**Aim of the exercise:** Go through the entries below and pick out every line with "style".

**Records to use:**

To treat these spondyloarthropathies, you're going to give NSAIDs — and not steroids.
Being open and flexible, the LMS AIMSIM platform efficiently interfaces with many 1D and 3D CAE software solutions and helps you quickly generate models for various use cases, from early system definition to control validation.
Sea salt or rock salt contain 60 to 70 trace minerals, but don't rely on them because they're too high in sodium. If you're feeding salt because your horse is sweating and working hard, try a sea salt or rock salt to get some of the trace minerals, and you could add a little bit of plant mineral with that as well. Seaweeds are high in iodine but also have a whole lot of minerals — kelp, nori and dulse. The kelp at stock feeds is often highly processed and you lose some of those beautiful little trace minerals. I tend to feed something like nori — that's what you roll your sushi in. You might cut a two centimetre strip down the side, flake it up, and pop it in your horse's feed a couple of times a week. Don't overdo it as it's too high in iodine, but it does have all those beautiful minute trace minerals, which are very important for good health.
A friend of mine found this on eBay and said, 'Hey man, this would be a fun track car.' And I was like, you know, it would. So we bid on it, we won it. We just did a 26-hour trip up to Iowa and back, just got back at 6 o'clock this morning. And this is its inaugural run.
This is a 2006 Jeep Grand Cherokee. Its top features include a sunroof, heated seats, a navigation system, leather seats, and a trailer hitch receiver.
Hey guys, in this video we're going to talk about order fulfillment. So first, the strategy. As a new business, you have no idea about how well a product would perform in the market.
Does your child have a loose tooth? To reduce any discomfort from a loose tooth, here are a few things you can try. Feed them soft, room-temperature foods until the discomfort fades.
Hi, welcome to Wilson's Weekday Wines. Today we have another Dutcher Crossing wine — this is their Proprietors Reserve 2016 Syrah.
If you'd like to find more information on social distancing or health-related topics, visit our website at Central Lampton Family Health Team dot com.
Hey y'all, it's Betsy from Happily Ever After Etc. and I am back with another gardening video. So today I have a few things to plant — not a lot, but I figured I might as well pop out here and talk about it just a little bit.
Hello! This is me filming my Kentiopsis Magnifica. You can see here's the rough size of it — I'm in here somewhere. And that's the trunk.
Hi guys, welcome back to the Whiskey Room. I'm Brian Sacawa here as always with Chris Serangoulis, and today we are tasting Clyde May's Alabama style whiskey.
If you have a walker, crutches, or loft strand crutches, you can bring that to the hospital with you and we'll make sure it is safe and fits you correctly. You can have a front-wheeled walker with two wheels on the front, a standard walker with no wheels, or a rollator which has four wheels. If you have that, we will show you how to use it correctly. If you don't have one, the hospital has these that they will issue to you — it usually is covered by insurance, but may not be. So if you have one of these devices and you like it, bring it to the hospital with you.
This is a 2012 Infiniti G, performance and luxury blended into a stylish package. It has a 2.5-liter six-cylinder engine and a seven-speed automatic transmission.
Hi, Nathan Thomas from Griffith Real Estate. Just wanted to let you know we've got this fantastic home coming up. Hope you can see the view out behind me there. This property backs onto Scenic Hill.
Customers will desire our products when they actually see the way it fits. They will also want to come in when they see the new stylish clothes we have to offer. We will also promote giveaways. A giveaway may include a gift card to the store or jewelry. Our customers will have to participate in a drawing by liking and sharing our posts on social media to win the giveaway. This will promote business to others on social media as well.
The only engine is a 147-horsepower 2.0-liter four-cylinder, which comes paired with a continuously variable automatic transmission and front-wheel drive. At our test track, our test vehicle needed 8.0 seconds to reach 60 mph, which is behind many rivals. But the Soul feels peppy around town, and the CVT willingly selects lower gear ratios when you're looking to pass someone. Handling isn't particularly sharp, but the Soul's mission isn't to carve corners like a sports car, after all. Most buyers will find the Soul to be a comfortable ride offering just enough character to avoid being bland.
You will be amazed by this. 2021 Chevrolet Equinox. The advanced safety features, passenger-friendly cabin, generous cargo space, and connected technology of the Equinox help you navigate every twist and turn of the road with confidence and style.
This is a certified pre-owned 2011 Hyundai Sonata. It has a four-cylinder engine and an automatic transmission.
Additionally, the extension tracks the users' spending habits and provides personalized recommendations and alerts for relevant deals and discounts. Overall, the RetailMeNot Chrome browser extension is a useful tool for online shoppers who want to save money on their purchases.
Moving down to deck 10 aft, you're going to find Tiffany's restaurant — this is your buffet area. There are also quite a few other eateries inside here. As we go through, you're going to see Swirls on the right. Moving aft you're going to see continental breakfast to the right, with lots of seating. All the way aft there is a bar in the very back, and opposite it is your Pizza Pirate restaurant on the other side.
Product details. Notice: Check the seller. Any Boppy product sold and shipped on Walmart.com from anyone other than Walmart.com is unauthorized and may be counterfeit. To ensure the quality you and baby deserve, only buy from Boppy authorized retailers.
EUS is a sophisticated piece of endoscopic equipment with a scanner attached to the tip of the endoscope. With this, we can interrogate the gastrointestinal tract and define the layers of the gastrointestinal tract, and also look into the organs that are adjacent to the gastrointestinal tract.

**Answer to the problem:**
Hi guys, welcome back to the Whiskey Room. I'm Brian Sacawa here as always with Chris Serangoulis, and today we are tasting Clyde May's Alabama style whiskey.
You will be amazed by this. 2021 Chevrolet Equinox. The advanced safety features, passenger-friendly cabin, generous cargo space, and connected technology of the Equinox help you navigate every twist and turn of the road with confidence and style.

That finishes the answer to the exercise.